Hydrogen trucking startup Nikola has taken an assertive stance against its critics, with the company forcing the removal of several videos on YouTube over alleged copyright infringement issues. The videos in question allegedly included proprietary content, including sections of the startup’s “Nikola One in Motion” advertisement, which featured a prototype truck from the company being rolled down a hill.
As noted in a Financial Times report, a number of financial commentator channels on YouTube have reported that they received takedown notices from the hydrogen truck maker, resulting in several videos being removed from the video-sharing platform. In a statement to the publication, Sam Alexander, a Nikola critic and YouTube host, stated that he received notifications on Wednesday that at least four of his videos were reported for copyright infringement. All four of the videos featured sections of the “Nikola One in Motion” ad.

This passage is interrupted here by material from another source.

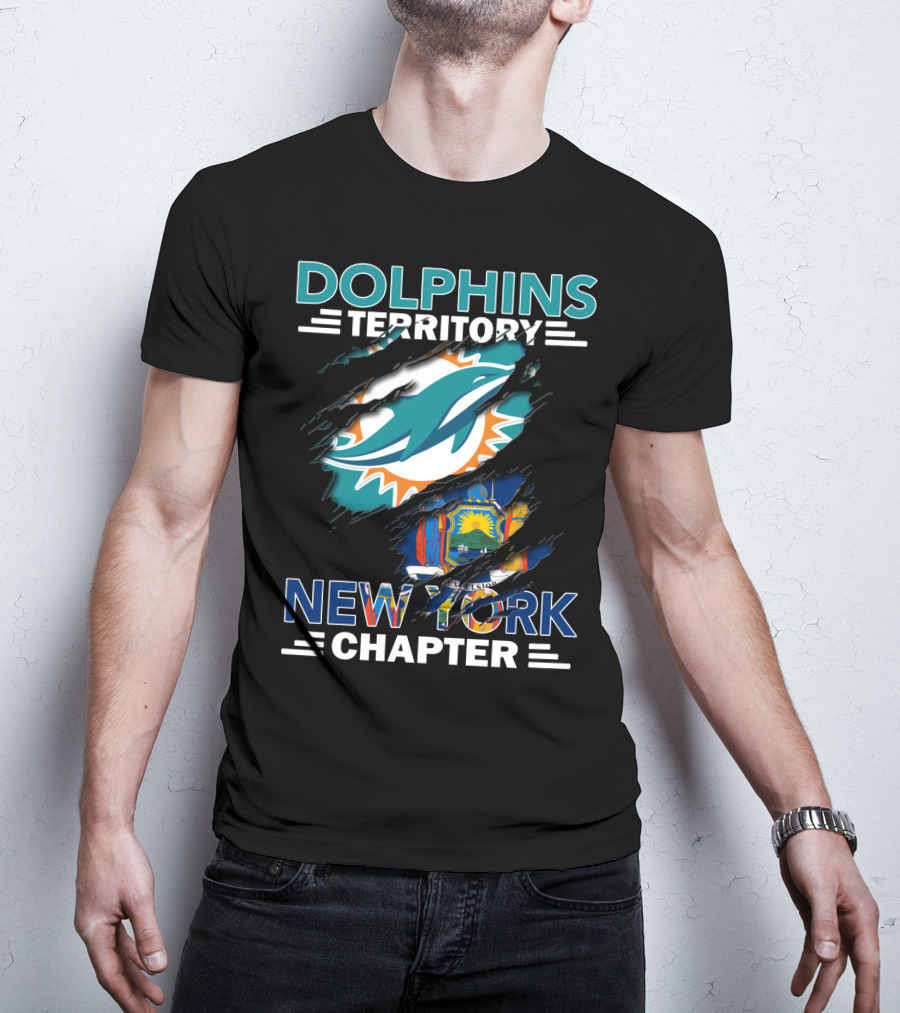 Dolphins Territory New York Chapter Miami Dolphins New York State Flag T-Shirt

The same was true for fellow content creator Tom Nash, whose finance-themed channel has 41,000 subscribers. According to Nash, he was required to take down three critical Nikola videos including one that featured sections of the rolling Nikola One prototype. Nikola reportedly took issue with Nash’s use of videos that featured its prototype jet ski and hydrogen station as well. “It’s what you would call a death sentence for a creator. This is my livelihood. I have three kids. I quit my job to do this,” Nash told the FT.
Amidst concerns that the company seems to be looking to silence its critics, a spokesperson from Nikola explained that YouTube identifies copyright violations and shares this data with the company. The spokesperson added that based on the information shared by YouTube, Nikola was able to submit takedown notices against videos that included content that was used without permission.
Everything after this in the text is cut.